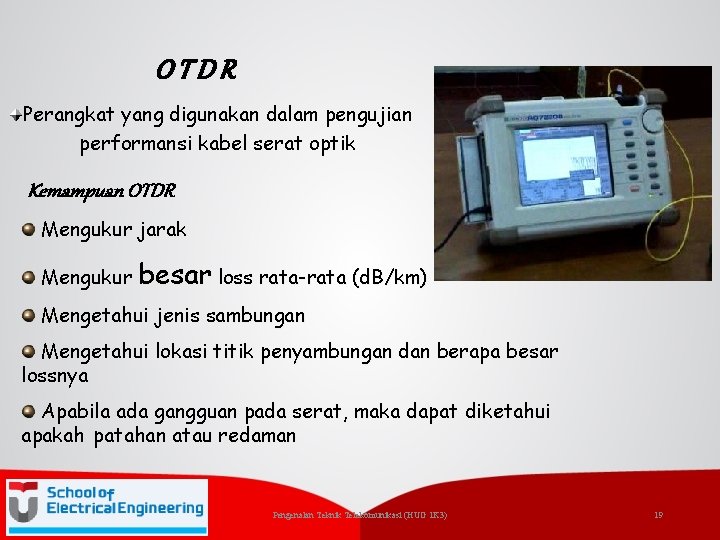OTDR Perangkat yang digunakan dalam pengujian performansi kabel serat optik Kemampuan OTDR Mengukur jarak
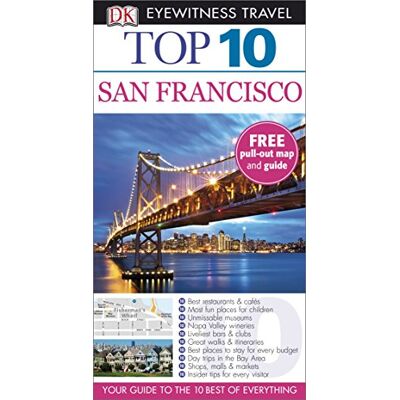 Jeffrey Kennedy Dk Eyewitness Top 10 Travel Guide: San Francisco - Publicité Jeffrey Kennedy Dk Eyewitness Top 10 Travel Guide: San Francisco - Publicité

...

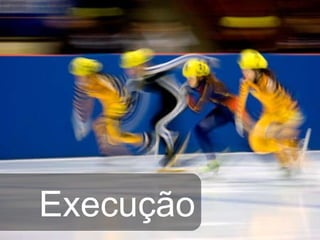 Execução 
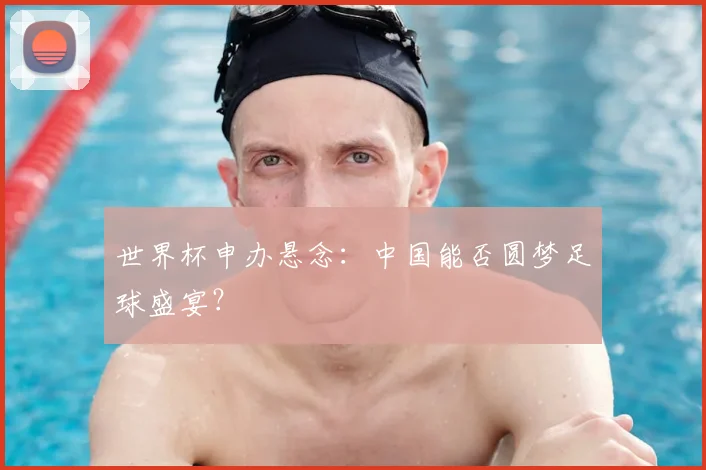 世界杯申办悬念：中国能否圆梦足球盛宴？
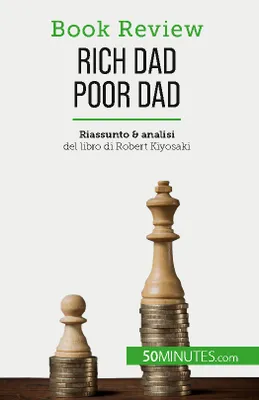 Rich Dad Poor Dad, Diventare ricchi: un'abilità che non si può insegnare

==

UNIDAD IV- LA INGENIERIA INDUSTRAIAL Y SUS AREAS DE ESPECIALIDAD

#### TRY IT:
Skipping the pictures, print the lines in the listing above exactly as written, starting at the line with "OTDR Perangkat yang" and ending at the line with "- Publicité Jeffrey", both included.

#### SOLVED EXERCISE:
OTDR Perangkat yang digunakan dalam pengujian performansi kabel serat optik Kemampuan OTDR Mengukur jarak
 Jeffrey Kennedy Dk Eyewitness Top 10 Travel Guide: San Francisco - Publicité Jeffrey Kennedy Dk Eyewitness Top 10 Travel Guide: San Francisco - Publicité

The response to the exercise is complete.